■ ASSIGNMENT
Leaving out all pictures, transcribe exactly the lines between the line with "Polo manches courtes" and the last line of the records below, both included.

■ RECORDED INFORMATION
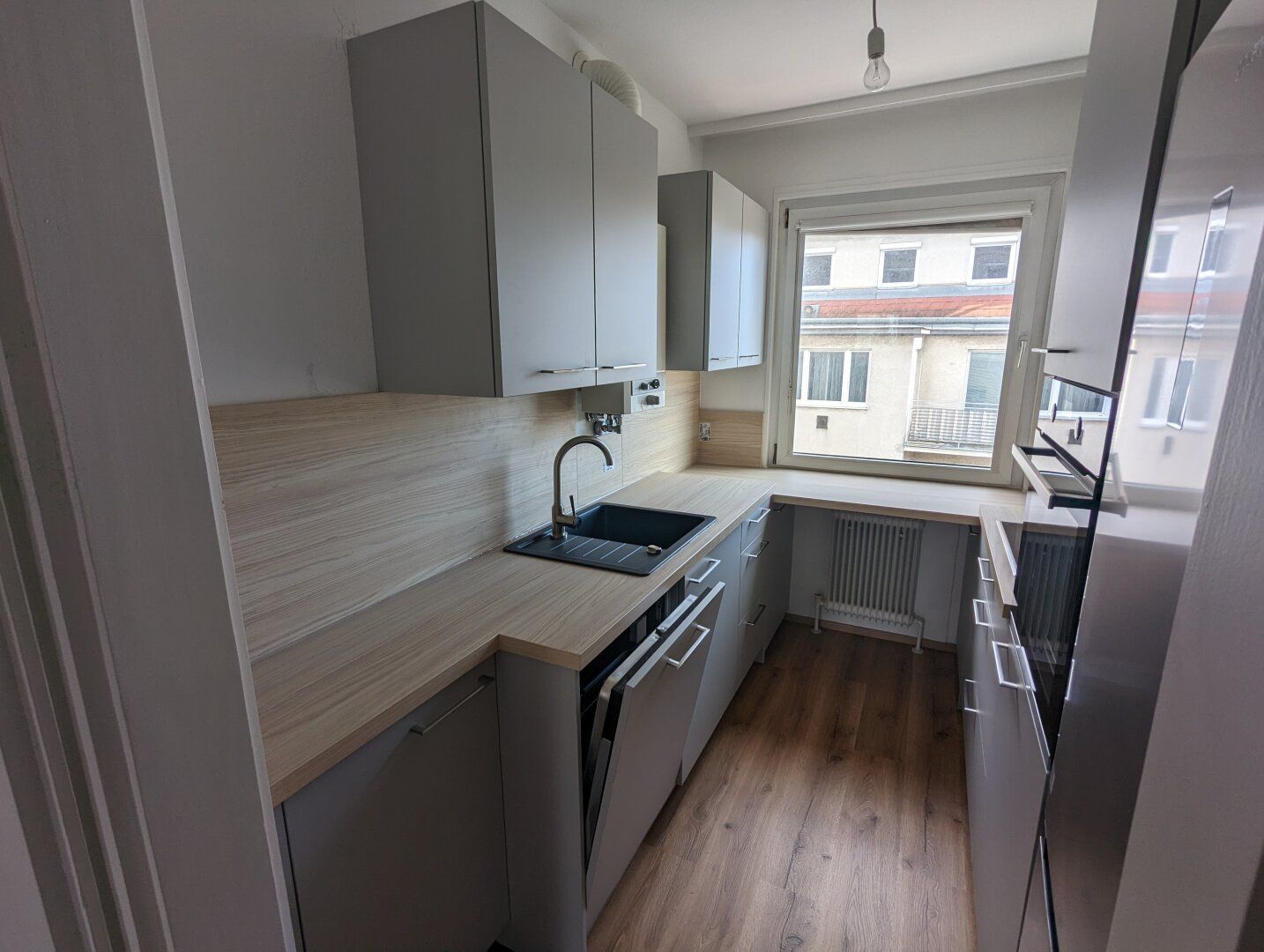 Ruhige 3-Zimmer Wohnung mit Balkon und Grünblick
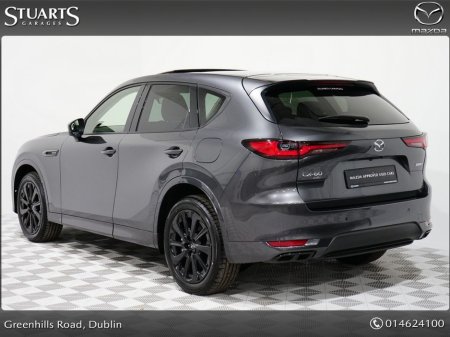 2025 Mazda CX-60 *HOMURA PLUS PHEV 327ps 8AT AWD*HOMURA PLUS*DRIVERS ASSISTANCE PACK, CONVENIENCE PACK AND PANORAMIC SUNROOF, MACHINE GREY WITH BLACK LEATHER* €54,945 thumbnail
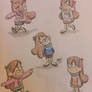 Mabel Sketches #3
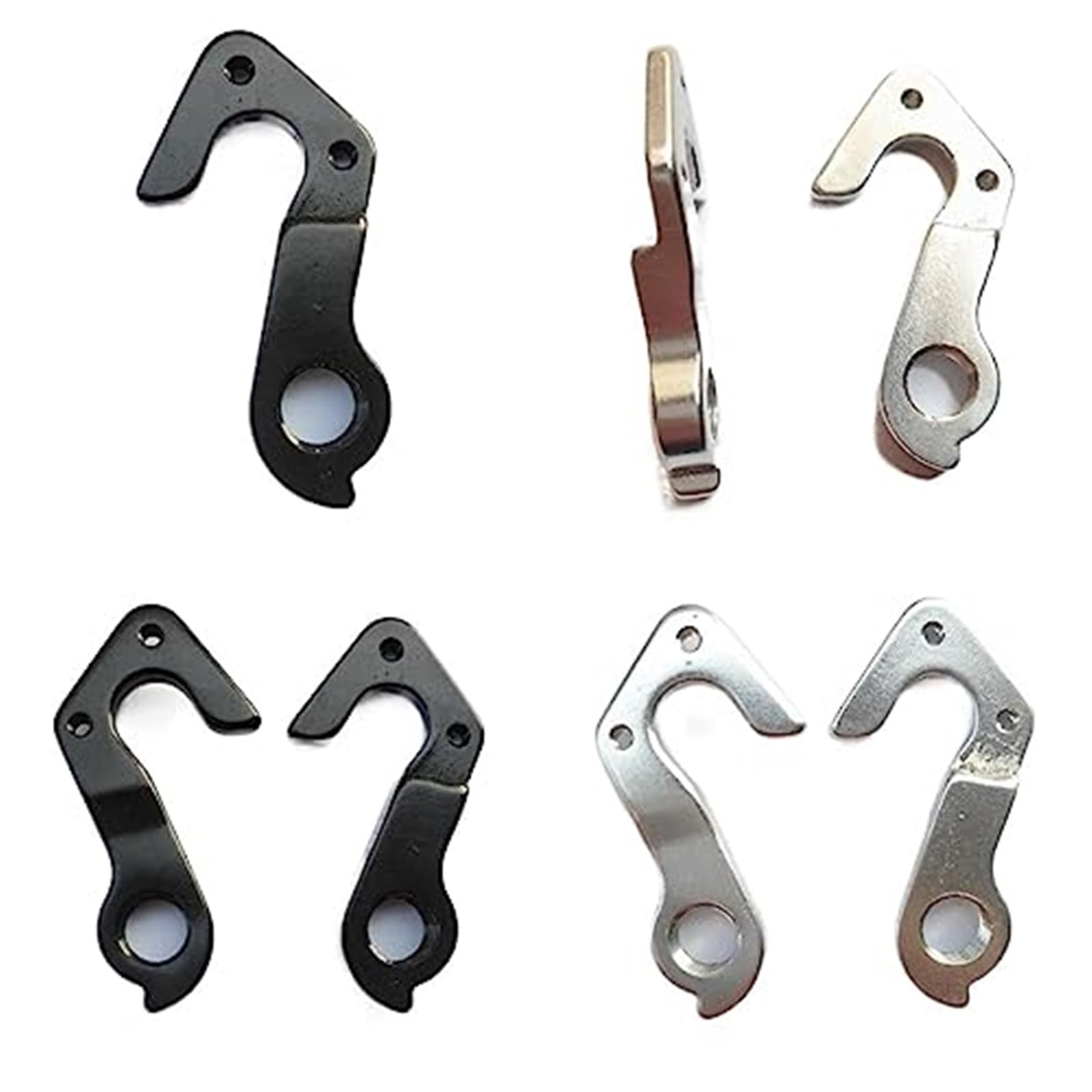 Gancio deragliatore posteriore for cambio bicicletta da 10 pezzi, for GT ATIDH0233 GT K33047 Avalanche GT Zaskar Carbon MECH Dropout Telaio in carbonio for bici Gancio posteriore per bicicletta(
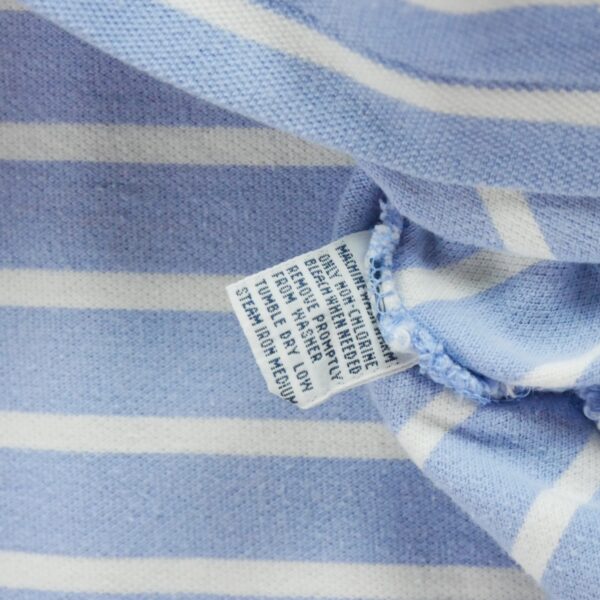 Polo manches courtes homme bleu clair Polo Ralph Lauren Motif a rayures Col Polo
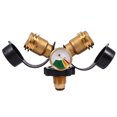 thumbnail image 1 of Adaptateur en T pour Propane avec Indicateur de Niveau de Réservoir de Propane, 1 of 6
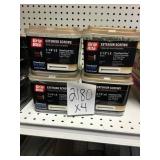 Assorted 5lb Boxes of Exterior Screws x4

■ TASK RESULT
 Polo manches courtes homme bleu clair Polo Ralph Lauren Motif a rayures Col Polo
 thumbnail image 1 of Adaptateur en T pour Propane avec Indicateur de Niveau de Réservoir de Propane, 1 of 6
 Assorted 5lb Boxes of Exterior Screws x4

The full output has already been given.